• _WHAT IS REQUIRED_
Make an exact copy of the whole listing, but leave its pictures out.

• _DATASET SECTION_
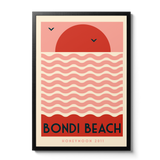 Coastal Personalised Print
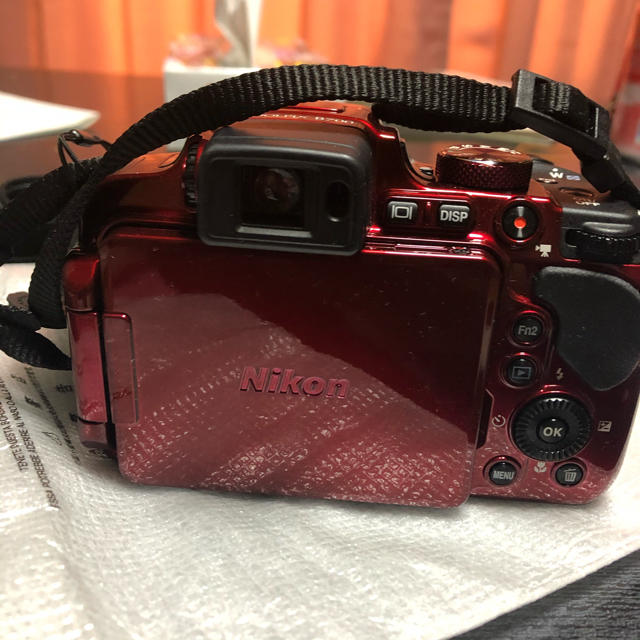 Nikon(ニコン)のNikon COOLPIX Bridge COOLPIX B700 RED スマホ/家電/カメラのカメラ(デジタル一眼)の商品写真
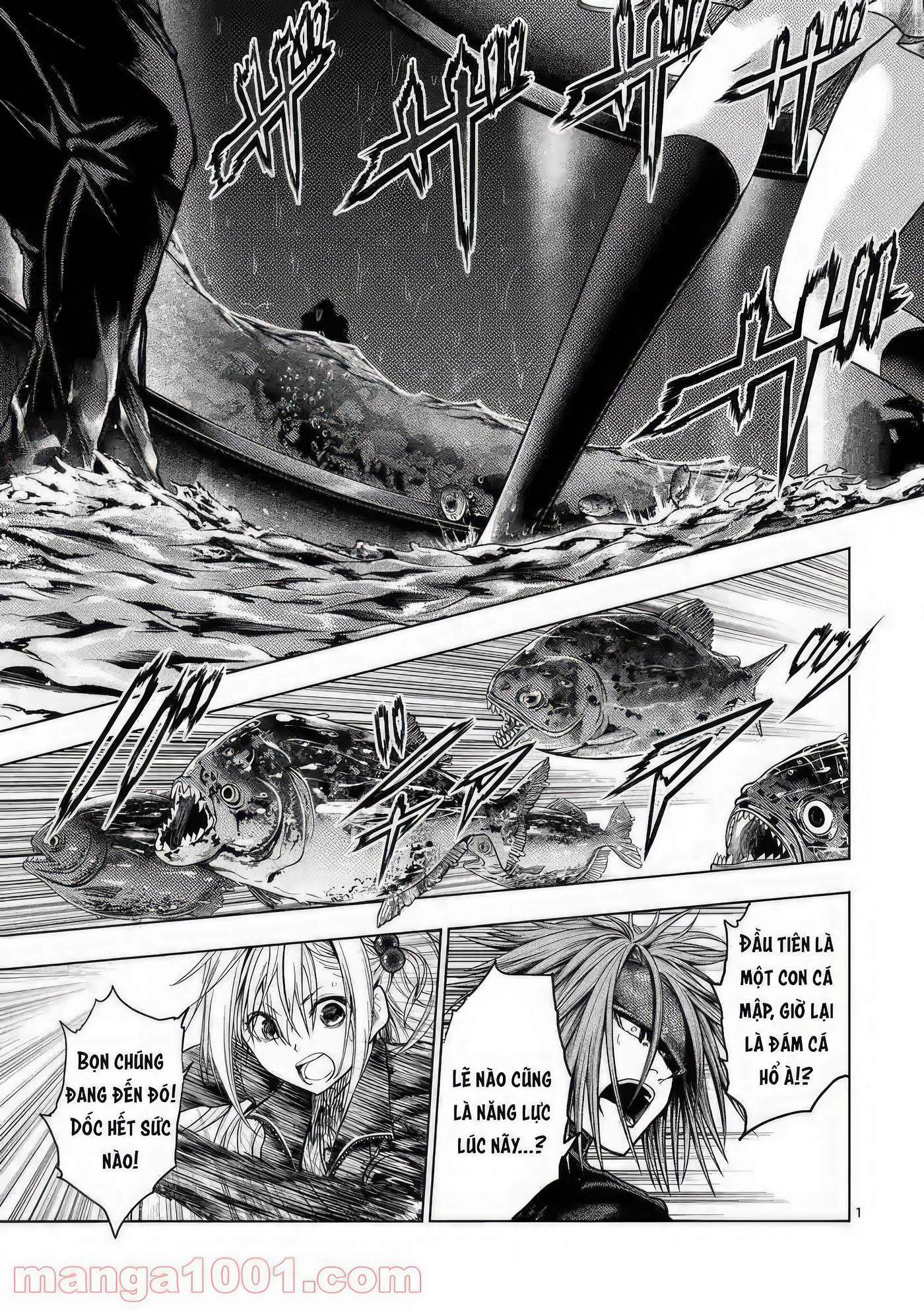 Deatte 5 Byou De Battle Chapter 158 - Trang 2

• _TASK RESPONSE_
 Coastal Personalised Print
 Nikon(ニコン)のNikon COOLPIX Bridge COOLPIX B700 RED スマホ/家電/カメラのカメラ(デジタル一眼)の商品写真
 Deatte 5 Byou De Battle Chapter 158 - Trang 2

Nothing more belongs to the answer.